Ian Cameron managed funds in Panama, Switzerland and Jersey and was estimated by The Sunday Times to be worth £10 million. Yet, when he died in 2009 aged 77, he left only £2.74 million in his English will.

David Cameron intervened personally to prevent offshore trusts from inclusion in an EU-wide crackdown on tax avoidance. In a 2013 letter to the then president of the European council, the prime minister said that trusts should not automatically be subject to the same transparency requirements as companies.

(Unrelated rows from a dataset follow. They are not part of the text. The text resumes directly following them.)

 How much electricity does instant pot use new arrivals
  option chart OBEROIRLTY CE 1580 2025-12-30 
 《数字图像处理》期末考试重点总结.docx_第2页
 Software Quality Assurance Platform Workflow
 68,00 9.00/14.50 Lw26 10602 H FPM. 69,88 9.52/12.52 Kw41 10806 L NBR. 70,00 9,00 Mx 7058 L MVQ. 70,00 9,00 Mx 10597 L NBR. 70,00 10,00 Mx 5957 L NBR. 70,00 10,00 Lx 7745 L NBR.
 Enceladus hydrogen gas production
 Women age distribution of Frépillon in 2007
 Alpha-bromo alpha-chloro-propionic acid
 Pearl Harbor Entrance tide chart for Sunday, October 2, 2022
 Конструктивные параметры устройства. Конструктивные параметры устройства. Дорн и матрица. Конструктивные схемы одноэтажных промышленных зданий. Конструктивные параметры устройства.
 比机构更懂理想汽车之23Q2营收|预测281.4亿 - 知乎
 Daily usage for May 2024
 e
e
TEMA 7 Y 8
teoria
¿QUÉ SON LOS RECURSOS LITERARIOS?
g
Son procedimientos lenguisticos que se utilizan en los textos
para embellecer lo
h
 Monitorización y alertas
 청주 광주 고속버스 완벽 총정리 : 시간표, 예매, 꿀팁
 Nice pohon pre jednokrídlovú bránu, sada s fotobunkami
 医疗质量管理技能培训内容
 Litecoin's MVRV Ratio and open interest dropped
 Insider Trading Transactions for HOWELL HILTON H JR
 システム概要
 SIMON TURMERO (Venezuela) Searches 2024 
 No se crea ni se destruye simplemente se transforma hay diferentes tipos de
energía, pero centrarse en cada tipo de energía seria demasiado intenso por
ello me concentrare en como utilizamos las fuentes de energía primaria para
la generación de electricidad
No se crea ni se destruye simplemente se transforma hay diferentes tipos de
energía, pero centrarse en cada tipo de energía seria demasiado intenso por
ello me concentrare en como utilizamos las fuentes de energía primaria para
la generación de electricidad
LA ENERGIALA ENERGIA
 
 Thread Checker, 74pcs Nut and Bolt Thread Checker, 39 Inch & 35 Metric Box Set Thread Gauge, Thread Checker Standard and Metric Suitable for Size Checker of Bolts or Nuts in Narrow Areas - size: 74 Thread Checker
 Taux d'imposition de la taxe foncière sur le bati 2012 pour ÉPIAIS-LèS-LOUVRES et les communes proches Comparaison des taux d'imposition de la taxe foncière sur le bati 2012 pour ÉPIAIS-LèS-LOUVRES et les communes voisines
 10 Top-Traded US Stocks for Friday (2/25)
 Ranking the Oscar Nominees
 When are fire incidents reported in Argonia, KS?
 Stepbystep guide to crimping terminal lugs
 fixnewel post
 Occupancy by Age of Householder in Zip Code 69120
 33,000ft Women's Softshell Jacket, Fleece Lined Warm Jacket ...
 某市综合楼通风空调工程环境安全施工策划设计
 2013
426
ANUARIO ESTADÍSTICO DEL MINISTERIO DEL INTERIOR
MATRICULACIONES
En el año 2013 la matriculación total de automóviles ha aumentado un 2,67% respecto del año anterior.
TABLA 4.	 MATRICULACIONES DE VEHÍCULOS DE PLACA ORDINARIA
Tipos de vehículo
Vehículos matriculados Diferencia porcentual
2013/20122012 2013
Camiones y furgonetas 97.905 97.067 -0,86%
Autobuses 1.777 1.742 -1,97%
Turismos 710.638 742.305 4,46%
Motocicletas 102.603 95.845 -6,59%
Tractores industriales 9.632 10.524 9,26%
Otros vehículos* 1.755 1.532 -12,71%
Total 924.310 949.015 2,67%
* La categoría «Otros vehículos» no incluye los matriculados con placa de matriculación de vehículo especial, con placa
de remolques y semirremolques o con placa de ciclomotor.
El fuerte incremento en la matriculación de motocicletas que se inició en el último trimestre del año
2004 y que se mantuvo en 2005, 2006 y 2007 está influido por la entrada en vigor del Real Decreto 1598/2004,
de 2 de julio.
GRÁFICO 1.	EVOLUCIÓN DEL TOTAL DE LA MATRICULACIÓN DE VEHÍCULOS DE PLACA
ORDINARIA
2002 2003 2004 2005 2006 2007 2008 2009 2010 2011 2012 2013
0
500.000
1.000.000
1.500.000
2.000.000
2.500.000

Downing Street has failed to release details of the preceding five years, from the time he became leader of the Tory party, making it impossible to calculate the total amount of income the prime minister derived from his father’s offshore fund, Blairmore Holdings during the period he owned shares.

New boss is the same as the old boss

The head of HM Revenue and Customs (HMRC) was previously a partner at a law firm which represented a number of offshore companies. They included Blairmore Holdings, the fund set up by David Cameron’s father.

HMRC has been given in a lead role in the £10 million taskforce launched by Cameron to investigate the Panama Papers.

Edward Troup, the new executive chairman of HMRC, is a former partner at Simmons & Simmons.

Simmons & Simmons’ name appears on dozens of emails and documents in the Panama Papers.

Apparently Troup had never had dealings with Mossack Fonseca and none of the individuals or organisations named so far in relation to the Panama Papers were clients he advised.

The Tory chancellor and his old money backers

George Osborne says he doesn’t have any offshore holdings. Osborne, heir to the baronetcy of Ballintaylor and Ballylemon, County Waterford, has a mortgage on his £2 million London home with the 338?year old bank Hoare & Co

This didn’t stop him “flipping” his expense claims and avoiding capital gains tax on a London house.

We do know he has around £4 million as the beneficiary of a trust fund that owns a 15 percent stake in Osborne & Little, the wallpaper company.

Clients are expected to have a minimum personal income of £250,000 a year. They also usually need to bring at least £500,000 in cash.

Osborne & Little made a £6million property deal with a undisclosed developer based in the British virgin islands tax haven.